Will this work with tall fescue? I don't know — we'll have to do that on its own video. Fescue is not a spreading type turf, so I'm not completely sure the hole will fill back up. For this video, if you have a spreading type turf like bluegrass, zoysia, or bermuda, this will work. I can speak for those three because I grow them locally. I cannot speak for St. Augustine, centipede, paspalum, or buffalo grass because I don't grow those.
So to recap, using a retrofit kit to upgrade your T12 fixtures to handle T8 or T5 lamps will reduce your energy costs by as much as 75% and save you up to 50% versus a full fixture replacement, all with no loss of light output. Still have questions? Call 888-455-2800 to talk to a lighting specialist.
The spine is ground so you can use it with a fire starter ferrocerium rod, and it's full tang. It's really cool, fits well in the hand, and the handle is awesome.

* * * * * * * * *

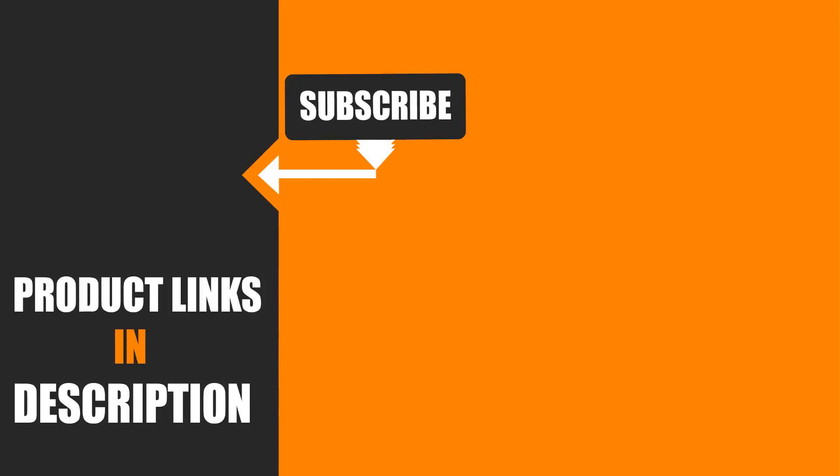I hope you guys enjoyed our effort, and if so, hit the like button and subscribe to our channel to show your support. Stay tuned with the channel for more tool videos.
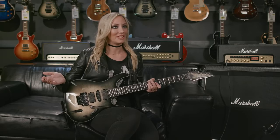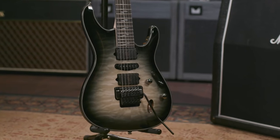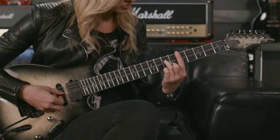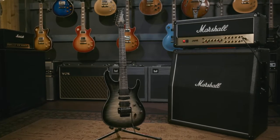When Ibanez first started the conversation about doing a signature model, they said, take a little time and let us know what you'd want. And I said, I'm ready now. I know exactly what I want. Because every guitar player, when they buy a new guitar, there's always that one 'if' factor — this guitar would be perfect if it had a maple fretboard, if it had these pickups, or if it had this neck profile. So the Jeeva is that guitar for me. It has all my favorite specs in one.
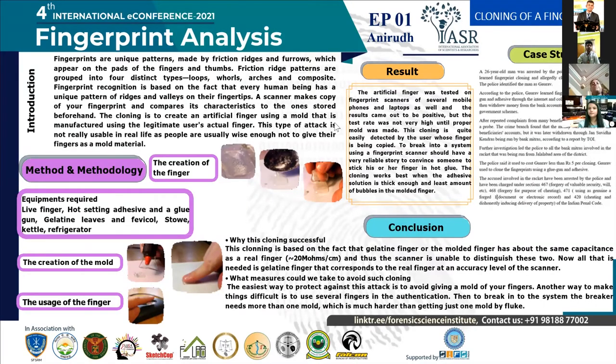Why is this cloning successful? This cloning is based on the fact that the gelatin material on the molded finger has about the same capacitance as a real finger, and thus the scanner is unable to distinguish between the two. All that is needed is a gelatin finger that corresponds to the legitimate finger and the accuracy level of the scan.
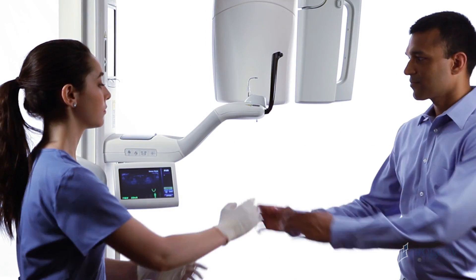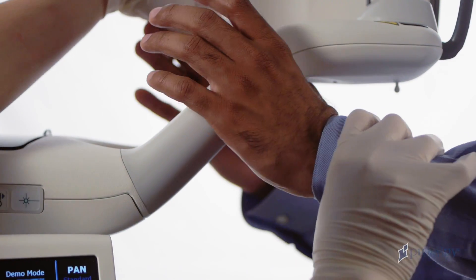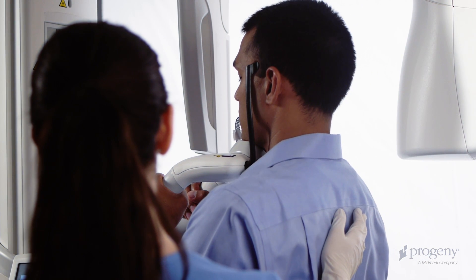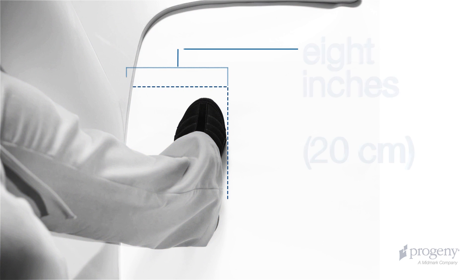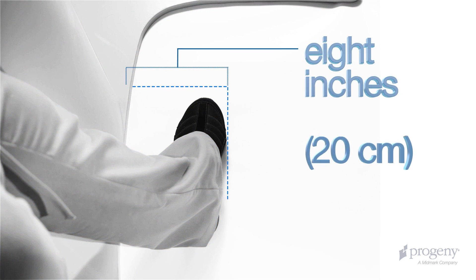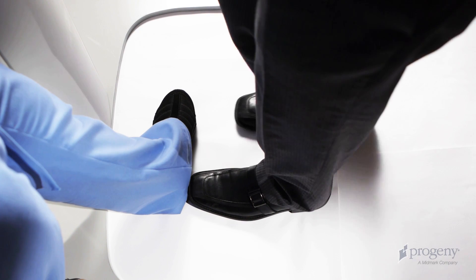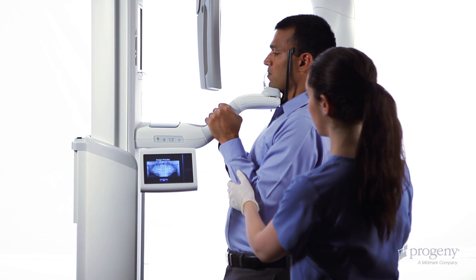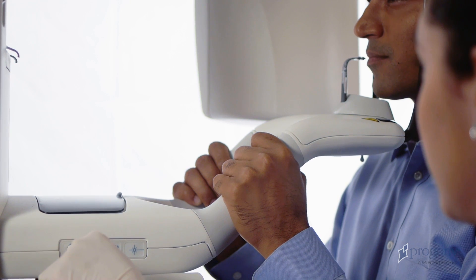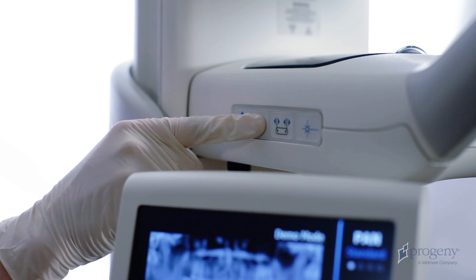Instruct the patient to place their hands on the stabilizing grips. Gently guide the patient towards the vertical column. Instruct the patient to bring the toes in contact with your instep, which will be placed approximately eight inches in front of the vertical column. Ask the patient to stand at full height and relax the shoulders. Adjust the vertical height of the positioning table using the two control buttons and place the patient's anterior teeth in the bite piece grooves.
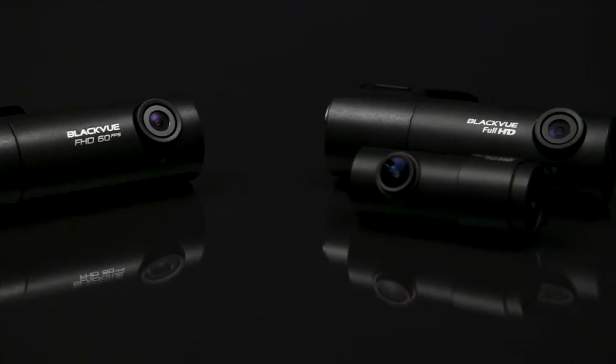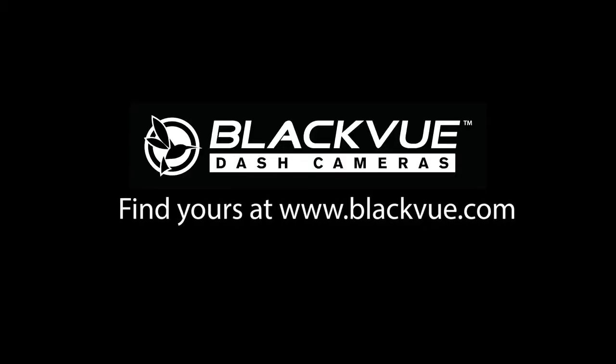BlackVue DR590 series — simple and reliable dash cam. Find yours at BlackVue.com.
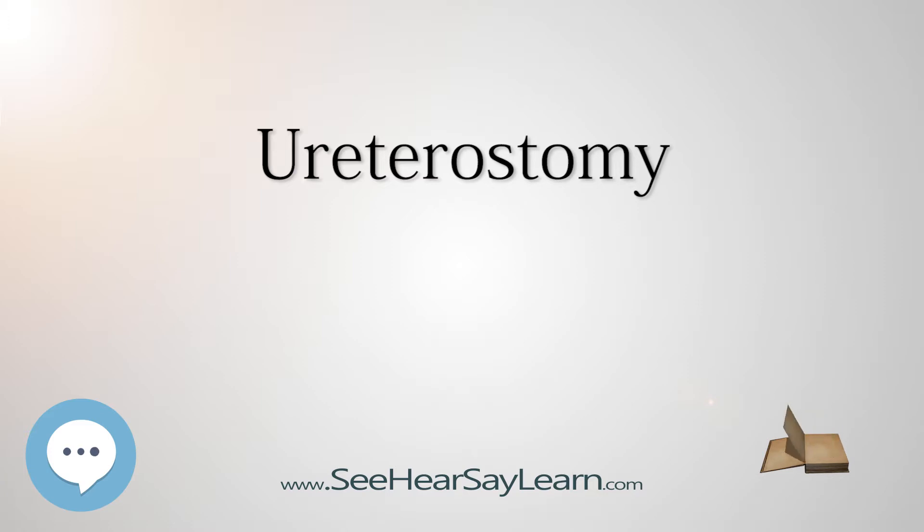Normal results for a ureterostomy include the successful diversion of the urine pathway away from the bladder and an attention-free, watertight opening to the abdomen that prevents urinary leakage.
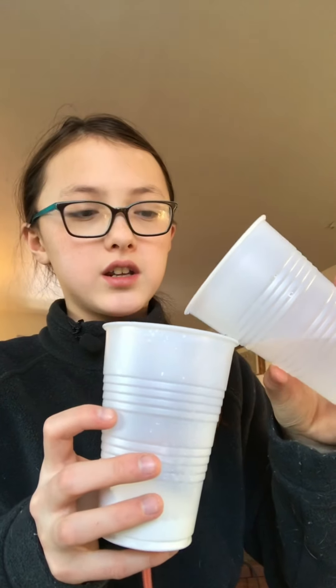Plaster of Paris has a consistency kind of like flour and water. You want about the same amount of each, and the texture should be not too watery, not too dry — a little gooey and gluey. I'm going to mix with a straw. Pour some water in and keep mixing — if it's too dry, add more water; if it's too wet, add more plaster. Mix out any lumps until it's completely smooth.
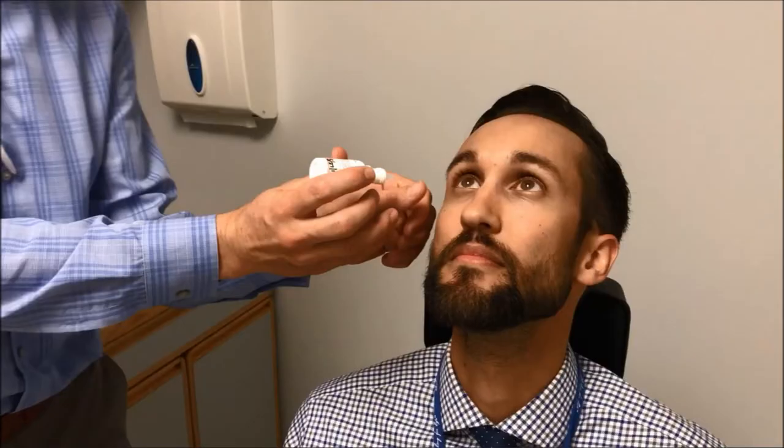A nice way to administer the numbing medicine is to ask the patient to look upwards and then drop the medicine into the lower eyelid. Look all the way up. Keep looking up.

* * * * * * * * *

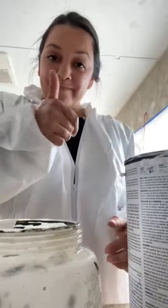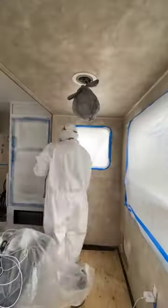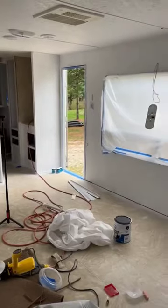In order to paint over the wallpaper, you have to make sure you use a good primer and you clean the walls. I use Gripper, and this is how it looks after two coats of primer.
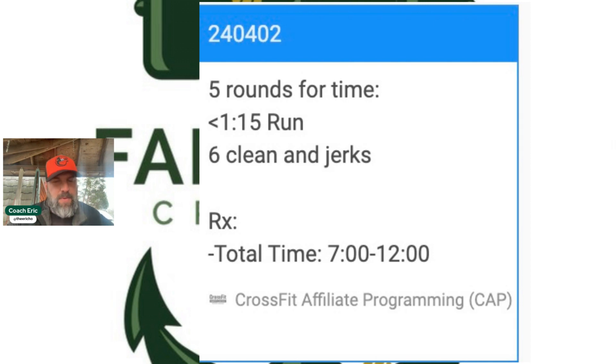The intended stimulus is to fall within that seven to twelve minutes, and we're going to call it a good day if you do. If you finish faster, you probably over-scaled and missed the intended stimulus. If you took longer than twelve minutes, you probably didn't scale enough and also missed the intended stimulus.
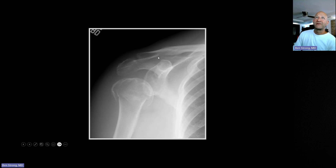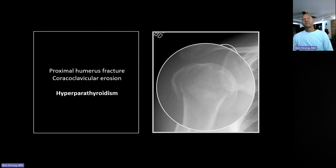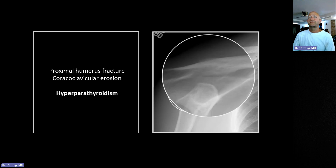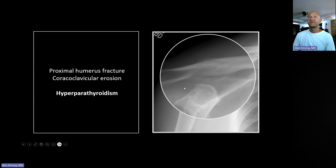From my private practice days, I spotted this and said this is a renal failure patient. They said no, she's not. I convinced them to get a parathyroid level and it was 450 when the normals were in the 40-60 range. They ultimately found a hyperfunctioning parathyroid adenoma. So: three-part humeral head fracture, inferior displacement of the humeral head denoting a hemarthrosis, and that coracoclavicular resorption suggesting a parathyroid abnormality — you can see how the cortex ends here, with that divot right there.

* * * * * * * * *

Pictures excluded, reproduce only the part above that opens with the line holding "BlackVue DR590 series" and closes with the line holding "A nice way to", exactly as written.

Answer below:
BlackVue DR590 series — simple and reliable dash cam. Find yours at BlackVue.com.
Normal results for a ureterostomy include the successful diversion of the urine pathway away from the bladder and an attention-free, watertight opening to the abdomen that prevents urinary leakage.
Plaster of Paris has a consistency kind of like flour and water. You want about the same amount of each, and the texture should be not too watery, not too dry — a little gooey and gluey. I'm going to mix with a straw. Pour some water in and keep mixing — if it's too dry, add more water; if it's too wet, add more plaster. Mix out any lumps until it's completely smooth.
A nice way to administer the numbing medicine is to ask the patient to look upwards and then drop the medicine into the lower eyelid. Look all the way up. Keep looking up.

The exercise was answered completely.